Re: Safety of opening up /dev/dma_heap/* to physically present users (udev uaccess tag) ?

From: Laurent Pinchart
Date: Tue May 07 2024 - 14:38:13 EST


On Tue, May 07, 2024 at 07:36:59PM +0200, Daniel Vetter wrote:
> On Tue, May 07, 2024 at 04:15:05PM +0100, Bryan O'Donoghue wrote:
> > On 07/05/2024 16:09, Dmitry Baryshkov wrote:
> > > Ah, I see. Then why do you require the DMA-ble buffer at all? If you are
> > > providing data to VPU or DRM, then you should be able to get the buffer
> > > from the data-consuming device.
> >
> > Because we don't necessarily know what the consuming device is, if any.
>
> Well ... that's an entirely different issue. And it's unsolved.
>
> Currently the approach is to allocate where the constraints are usually
> most severe (like display, if you need that, or the camera module for
> input) and then just pray the stack works out without too much copying.
> All userspace (whether the generic glue or the userspace driver depends a
> bit upon the exact api) does need to have a copy fallback for these
> sharing cases, ideally with the copying accelerated by hw.
>
> If you try to solve this by just preemptive allocating everything as cma
> buffers, then you'll make the situation substantially worse (because now
> you're wasting tons of cma memory where you might not even need it).
> And without really solving the problem, since for some gpus that memory
> might be unusable (because you cannot scan that out on any discrete gpu,
> and sometimes not even on an integrated one).

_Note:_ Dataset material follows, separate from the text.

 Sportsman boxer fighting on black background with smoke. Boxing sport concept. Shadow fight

I think we have a general agreement that the proposed solution is a
stop-gap measure for an unsolved issue.

Note that libcamera is already designed that way. The API is designed to
import buffers, using dma-buf file handles. If an application has a way
to allocate dma-buf instances through another means (from the display or
from a video encoder for instance), it should do so, and use those
buffers with libcamera.

For applications that don't have an easy way to get hold of dma-buf
instances, we have a buffer allocator helper as a side component. That
allocator uses the underlying camera capture device, and allocates
buffers from the V4L2 video device. It's only on platforms where we have
no hardware camera processing (or, rather, platforms where the hardware
vendors doesn't give us access to the camera hardware, such as recent
Intel SoCs, or Qualcomm SoCs used in ARM laptops) that we need to
allocate memory elsewhere.

In the long run, I want a centralized memory allocator accessible by
userspace applications (something similar in purpose to gralloc on
Android), and I want to get rid of buffer allocation in libcamera (and
even in V4L2, in the even longer term). That's the long run.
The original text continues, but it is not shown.